O medo da violência à noite tem mudado a rotina de moradores de rua em Belo Horizonte. Com receio de agressões e até tentativas de assassinato, muitos deles dizem evitar dormir profundamente de madrugada e preferir tirar cochilos durante o dia. A mudança de hábito se reflete em parques e praças da capital, onde flagrantes de pessoas dormindo de manhã ou à tarde são mais frequentes, segundo relatos de comerciantes e moradores. Ontem, um grupo grande de pessoas descansava em cobertores ou pedaços de papelão no Parque Municipal, no Centro, e um homem chegou a armar uma rede pela manhã na Praça Diogo de Vasconcelos, na Savassi, Região Centro-Sul. Também há grupos que se concentram atrás da Igreja Sagrado Coração de Jesus, no Santa Efigênia.

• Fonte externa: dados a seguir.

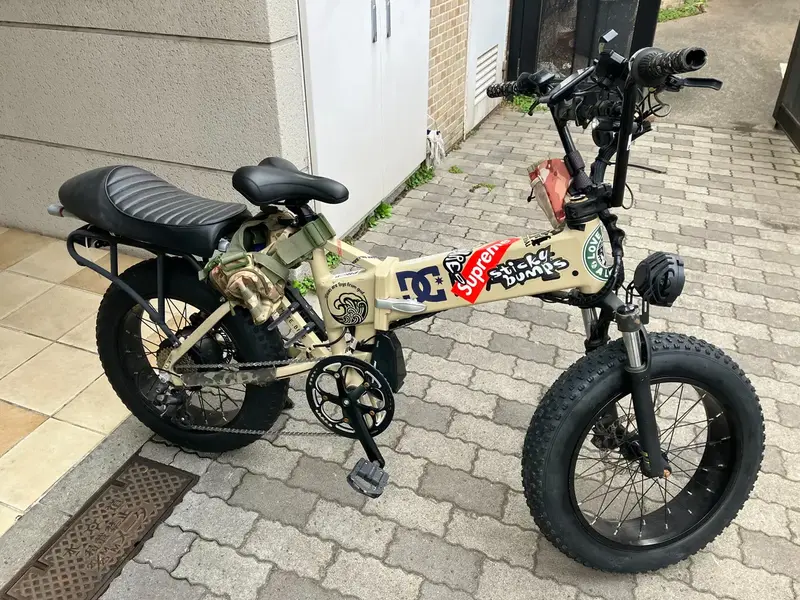 E-BIKE ステッカーカスタム 総合点検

Frequentador do Parque Municipal, Divino da Silva, de 56 anos, passa os dias com a companheira e amigos dormindo no gramado e só sai à noite, quando os portões são fechados. Ele vive nas ruas desde 2010 e conta que à noite, por medo, sempre muda de lugar. “Tenho medo de covardia. Tem gente que é agredida quando está dormindo”, disse.
Em censo feito pela Prefeitura de Belo Horizonte em novembro do ano passado, 44% dos 1.827 moradores de rua entrevistados disseram ter sido vítimas de violência praticada entre eles mesmos, em brigas motivadas por uso abusivo de álcool e drogas, disputa de território e outras desavenças. Também houve relatos de agressões por agentes públicos por civis, como porteiros e seguranças. De 2011 até ontem, foram 124 assassinatos de pessoas com trajetória de rua na capital mineira, segundo o Centro Nacional de Defesa dos Direitos Humanos da População em Situação de Rua (CNDDH), composto por representantes do Ministério Público, da Secretaria de Direitos Humanos do governo federal, da Pastoral da Rua e de duas organizações ligadas a pessoas com trajetória de rua.
Regras Para a coordenadora do Comitê de População de Rua da Prefeitura de Belo Horizonte, Soraya Romina, viver nas ruas não é digno e nem seguro para ninguém. “As pessoas ficam expostas às intempéries do tempo, ao preconceito, à invisibilidade social e à violência”, disse. Ela ressalta, porém, que há um conjunto de regras que as pessoas com trajetória de rua têm que cumprir nas unidades de atendimento institucional, como os abrigos. No albergue, são 400 pessoas pernoitando e há horários para chegar, de jantar, dormir e sair, segundo Soraya. “Se não houver regras, você não consegue fazer a gestão do espaço”, disse, lembrando que as pessoas não podem usar álcool ou outras drogas. “Nas ruas, muitas vezes as pessoas têm uma falsa ilusão de que ali elas estão de alguma forma protegidas pelo grupo que participam. Têm também uma falsa impressão de liberdade, de que pode usar drogas, dormir a hora que quiser e fazer outras atividades que acham que devem”, disse.
Nos albergues, os moradores de rua podem chegar por volta das 18h e são atendidos por assistentes sociais e psicólogos. Eles recebem um kit com toalha, sabonete, xampu e escova de dente antes do banho. Jantam e podem ficar até 23h fazendo atividades esportivas, vendo TV ou lendo. Às 23h, todos têm que ir para a cama, pois há muitos deles que trabalham e estudam no dia seguinte.
Pela manhã, o café é servido e depois todos voltam para as ruas.